Listed records »
○ ○ ○ ○

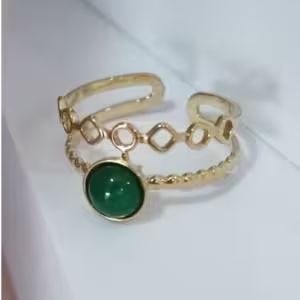 Green Opal Glow Chain Band Ring
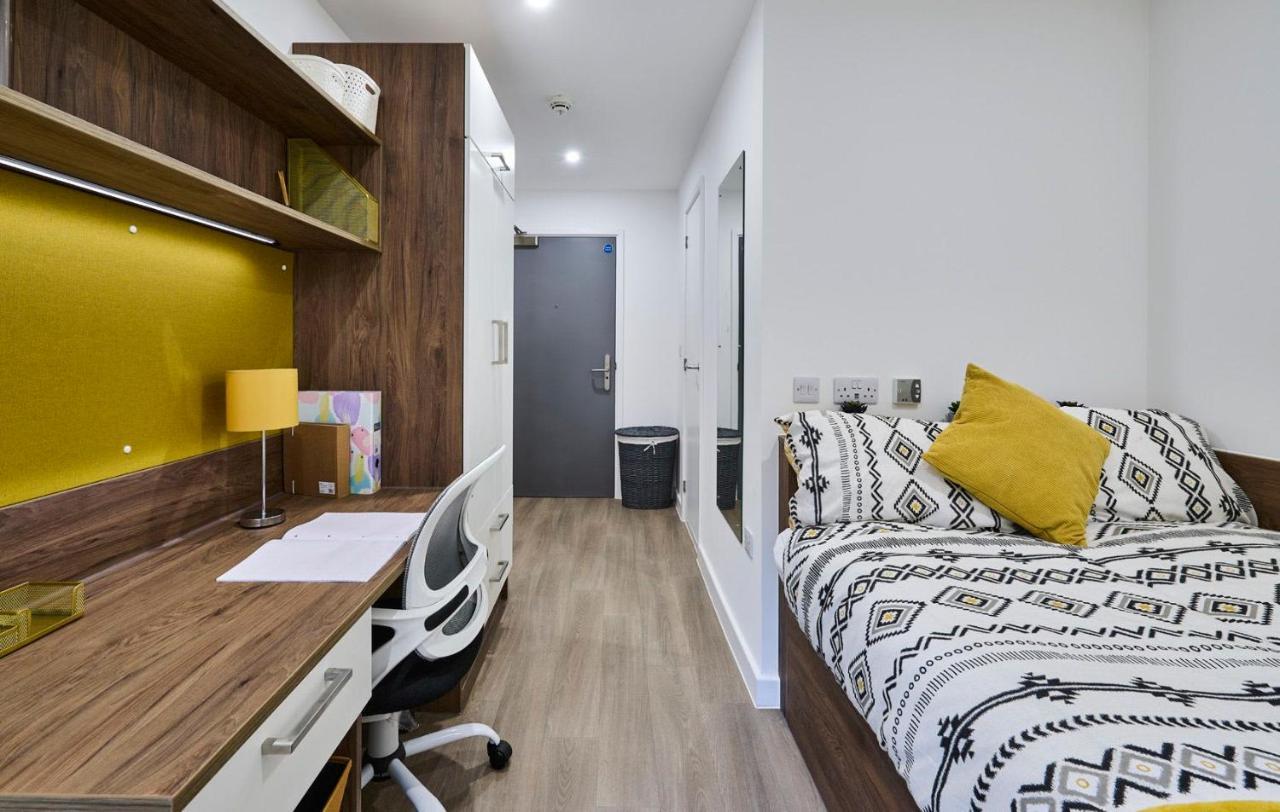 For Students Only Ensuite Bedrooms With Shared Kitchen At The Oaks In *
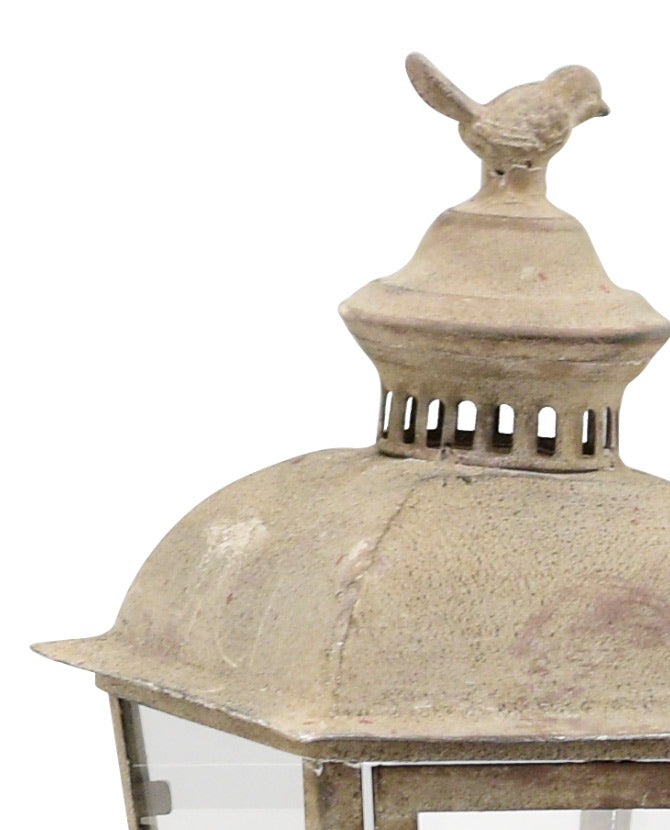 Nagyméretű, antikolt szürke, fém kandeláber fém madárkával díszített íves tetőzete.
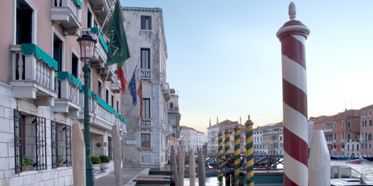 Palazzo Sant Angelo Sul Canal Grande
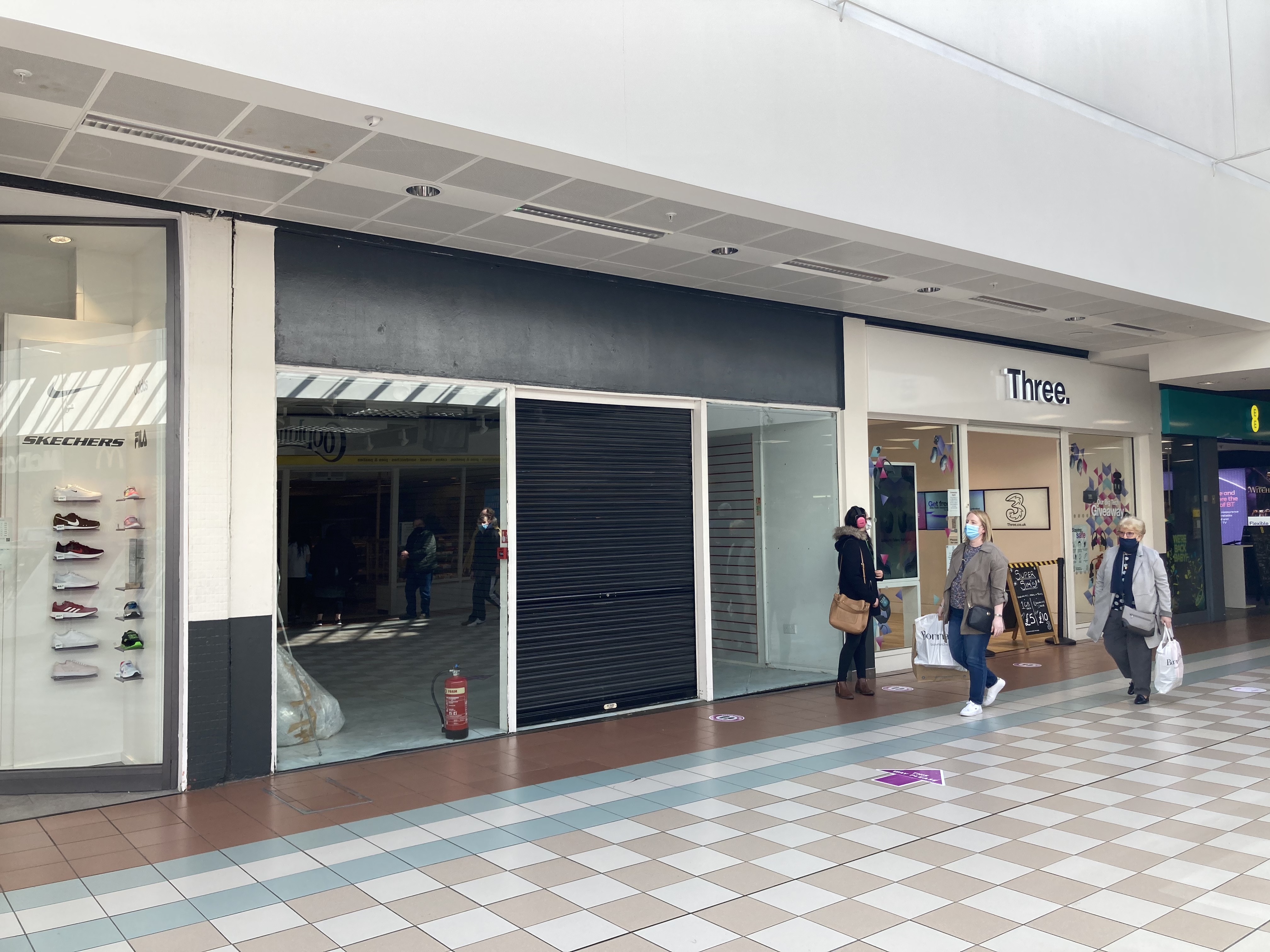 Photo of Unit F1, Middleton Grange Shopping Centre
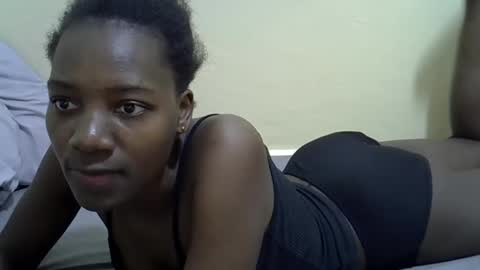 Snapshot of sexyghurl12 chatting on October 5, 6:37 pm sexyghurl12 online show from October 5, 6:37 pm
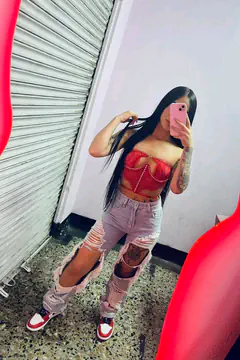 Luciana Torres - Foto 3abb779d-2abf-401c-bb4c-52939bc533fa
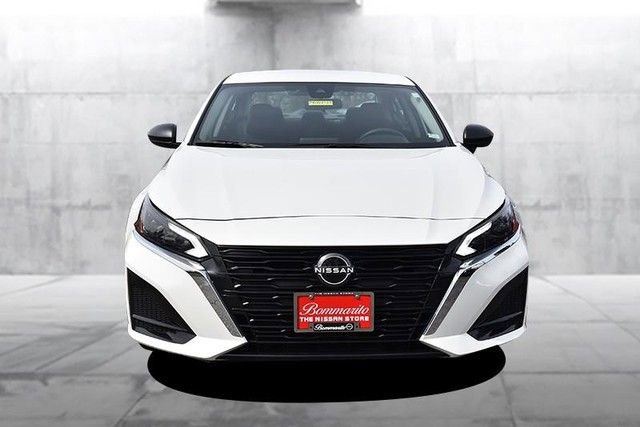 Certified 2025 Nissan Altima 2.5 SV image 4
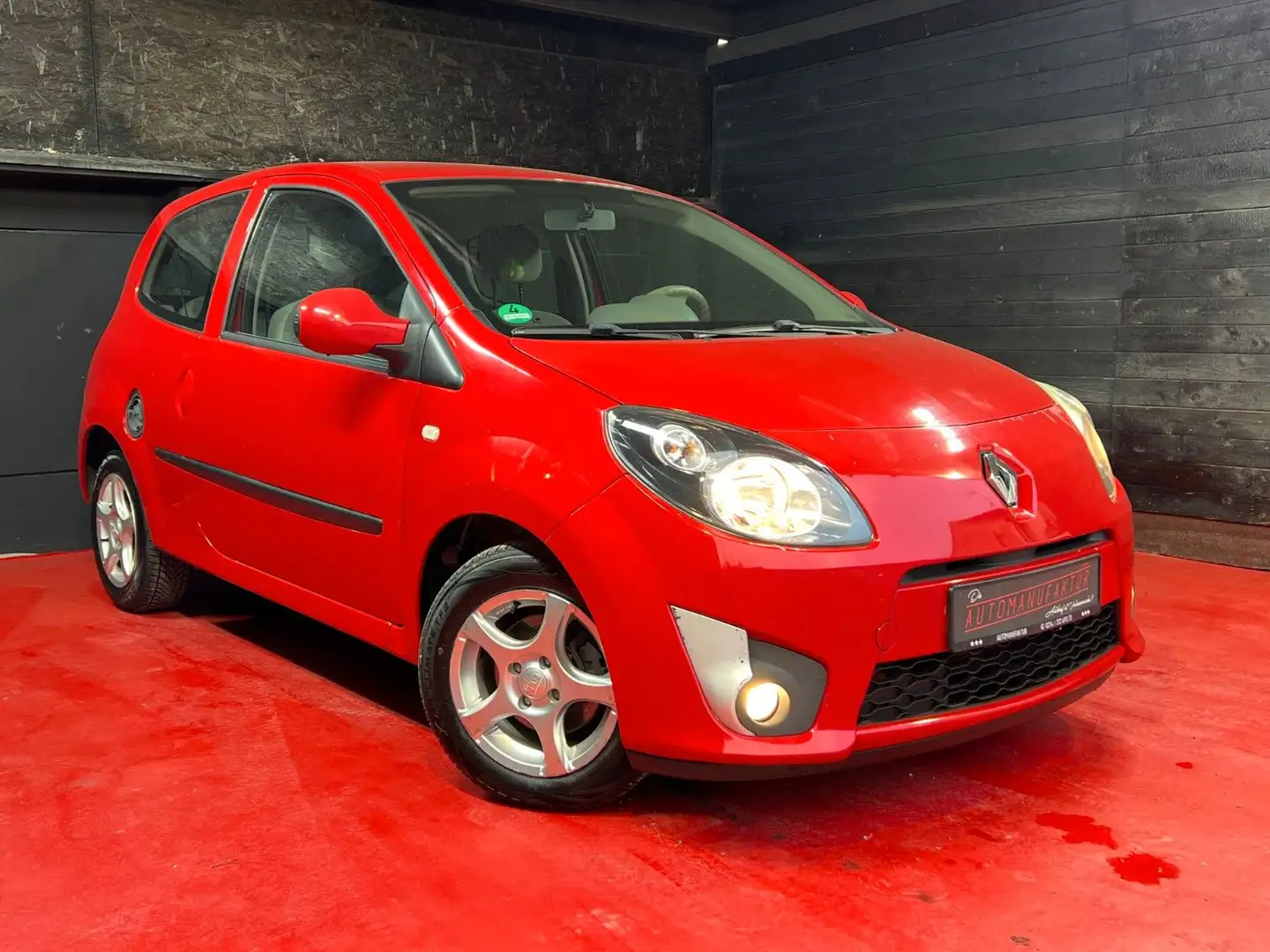 Renault Twingo ECO2 Rot - 1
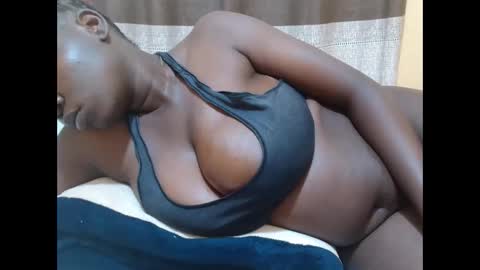 Snapshot of mona_lis chatting on March 2026 03:23:01 AM mona online show from March 2026 03:23:01 AM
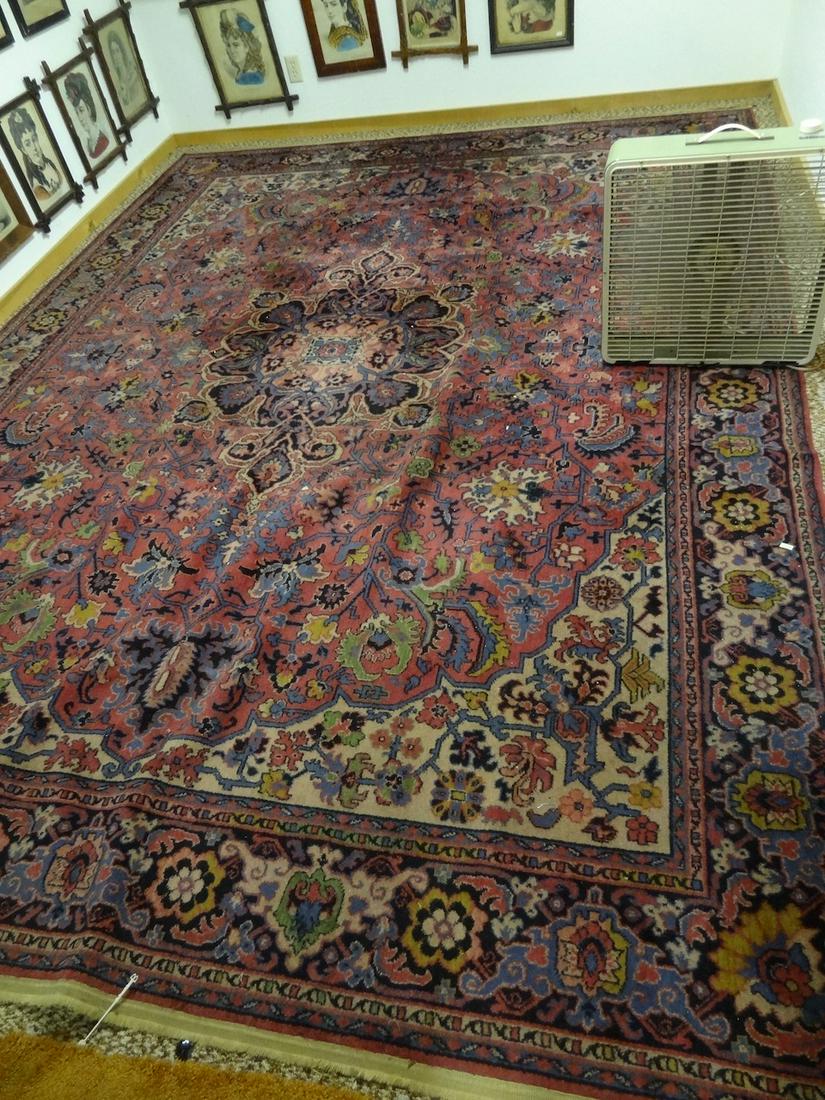 Large machine made area rug (1 of 1)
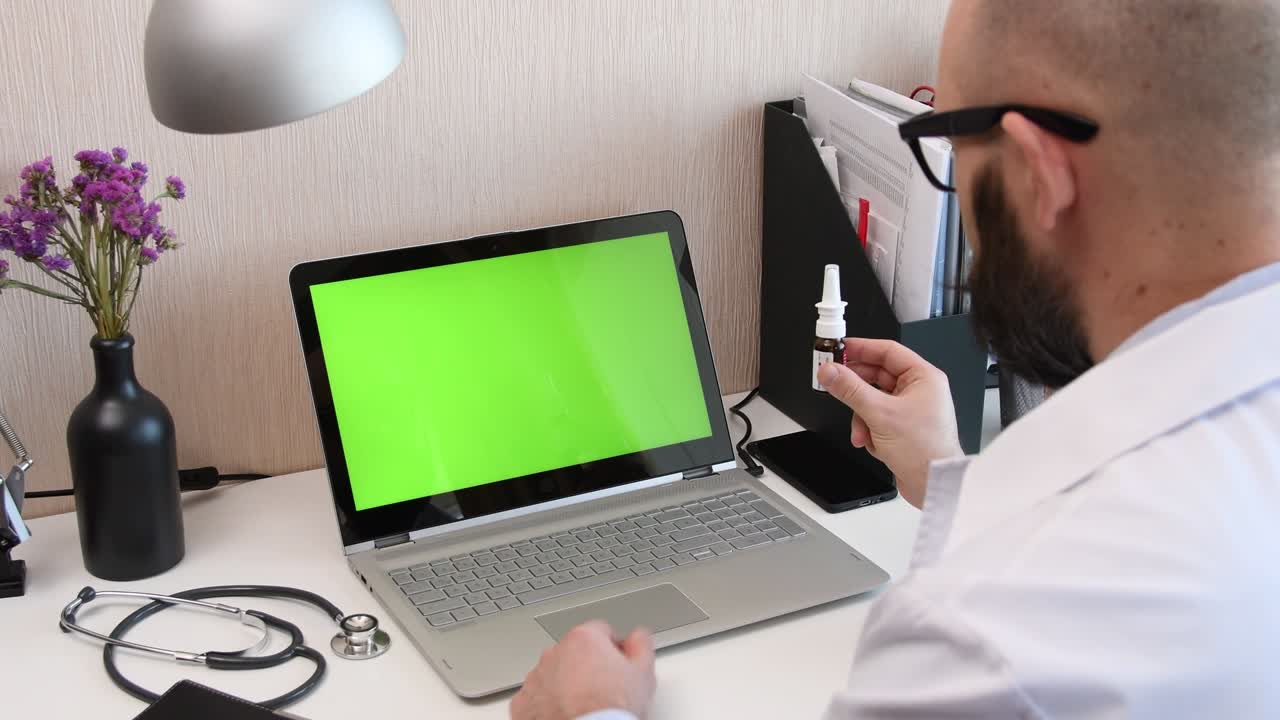 telemedicina. llamada de video con el médico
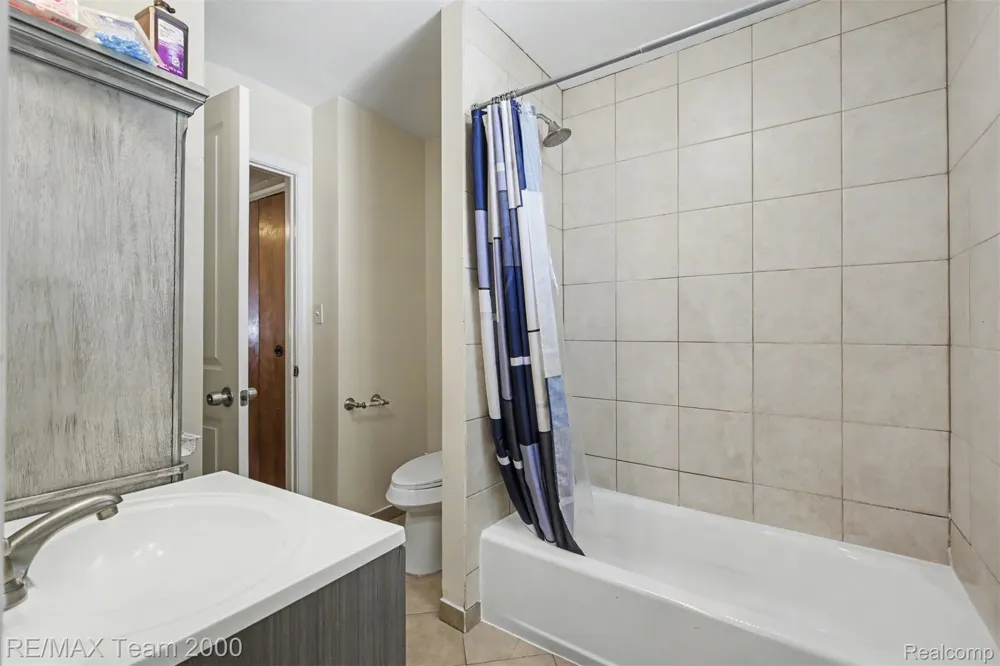 5846 WESTLAKE STREET Taylor City, MI 48180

○ ○ ○ ○

About this exercise »
A verbatim copy of the records is needed, with all images omitted.

Answer for this exercise »
 Green Opal Glow Chain Band Ring
 For Students Only Ensuite Bedrooms With Shared Kitchen At The Oaks In *
 Nagyméretű, antikolt szürke, fém kandeláber fém madárkával díszített íves tetőzete.
 Palazzo Sant Angelo Sul Canal Grande
 Photo of Unit F1, Middleton Grange Shopping Centre
 Snapshot of sexyghurl12 chatting on October 5, 6:37 pm sexyghurl12 online show from October 5, 6:37 pm
 Luciana Torres - Foto 3abb779d-2abf-401c-bb4c-52939bc533fa
 Certified 2025 Nissan Altima 2.5 SV image 4
 Renault Twingo ECO2 Rot - 1
 Snapshot of mona_lis chatting on March 2026 03:23:01 AM mona online show from March 2026 03:23:01 AM
 Large machine made area rug (1 of 1)
 telemedicina. llamada de video con el médico
 5846 WESTLAKE STREET Taylor City, MI 48180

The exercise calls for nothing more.